Aussi, bien que les hedge funds d’Allianz aient eu de mauvaises performances lors de la période février/mars 2020, l’entrée en jeu du Département de Justice américain (DOJ) en août 2021, alors que la SEC avait déjà lancé une enquête en 2020, suggère que les mauvaises performances des trois sociétés du groupe Allianz sont opportunément instrumentalisées par les Etats-Unis en représailles de cet accord énergétique aux conséquences géopolitiques et économiques défavorables.

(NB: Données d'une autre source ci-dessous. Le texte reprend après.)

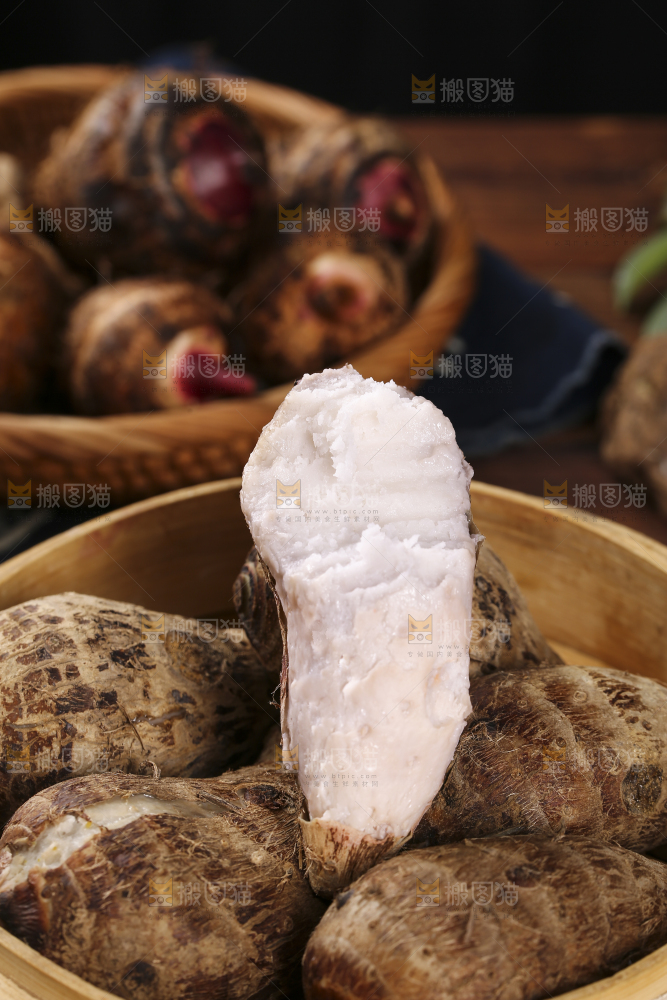 一笼蒸熟的红芽芋头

Le 5e assureur mondial et 1er assureur allemand, parmi les plus gros gestionnaires d’actifs au monde, risque d’être victime de la réaction américaine. Allianz a d’ores et déjà communiqué publiquement début août pour annoncer que cette procédure pourrait avoir un impact négatif sur ses futurs résultats financiers et perdait dans la foulée, entre le 30 juillet et le 4 août, environ 6 milliards d’euros de capitalisation boursière (-9%).

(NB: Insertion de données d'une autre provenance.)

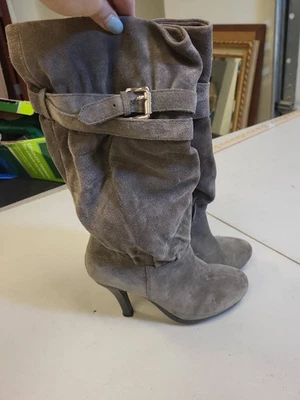 Botas femininas tamanho 7M couro camurça cinza salto alto detalhe de fivela desleixada - Imagem 1 de 4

Ceci n’est pas sans rappeler le cas de BNP Paribas qui a connu par le passé une mésaventure similaire avec le DOJ qui s’est soldé par une amende de 9 milliards de dollars et la création d’une cellule de « Sécurité financière groupe » aux Etats-Unis, donnant ainsi au gouvernement américain un accès légal à toutes les données de la banque.

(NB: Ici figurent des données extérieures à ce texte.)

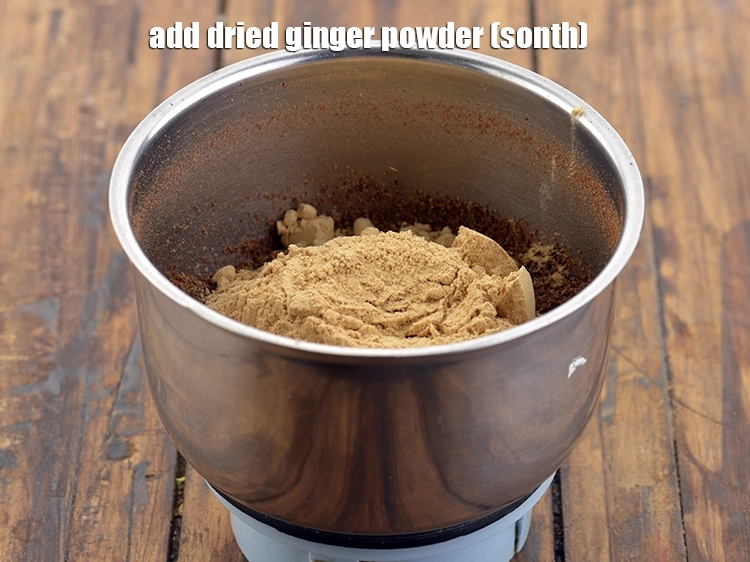 स्टेप 9 – <p>अब इसमें <span style="background-color:rgb(255,255,255);color:rgb(0,0,0);">1/4 कप </span><a href="https://www.tarladalal.com/glossary-dried-ginger-powder-sonth-hindi-454i"><u>सौंठ (dried ginger powder …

Par ailleurs, l’affaiblissement de la sphère financière européenne semble être une discipline à laquelle s’adonnent consciencieusement les Etats-Unis. En témoigne, entre 2007 et 2018, les quelques 179 procédures contre 77 banques européennes ayant donné lieu à plus de 69 milliards de dollars d’amende infligées par la justice américaine.

 

Pays d'origine des banques

Amendes américaines cumulées entre 2007 et 2018

Nombre de Banque

Nombre de décisions de justice

Suisse

 $                         15 782 700 000

54

77

Allemagne

 $                         15 481 100 000

2

22

Ecosse

 $                         12 825 500 000

2

13

Angleterre

 $                         12 232 600 000

6

42

France

 $                         11 004 000 000

6

16

Hollande

 $                            1 787 700 000

2

3

Italie

 $                               235 000 000

1

1

Espagne

 $                                 63 400 000

2

3

Luxembourg

 $                                 17 200 000

2

2

Total

 $                         69 429 200 000

77

179

Source : Exploitation du jeu de données sous licence construit par Mathilde Damgé / Le Monde.fr

 

En complément de ces données, en 2019 c’est au tour de la HSBC à hauteur de 192 millions de dollars, puis en 2020 c’est UBP qui écope d’une amende de 14 millions de dollars, enfin en 2021 le Crédit Suisse et le Crédit Agricole ont eu l’honneur d’alléger leurs bourses des sommes respectives de 121 millions et 8,5 millions de dollars à la faveur des Etats-Unis d’Amérique.

Les assureurs ne sont également pas en reste, par exemple, Swiss Life 77 millions de dollars en 2021, Zurich Insurance 5 millions en 2019 ou encore Axa 20 millions en 2014.  Subséquemment à cette passion belliqueuse pour le secteur financier européen, les établissements allemands paraissent devenir des cibles privilégiées : compagnon d’infortune d’Allianz, la Deutsche Bank, 1ère banque allemande, est de nouveau prise à partie par la FED depuis le mois de mai 2021.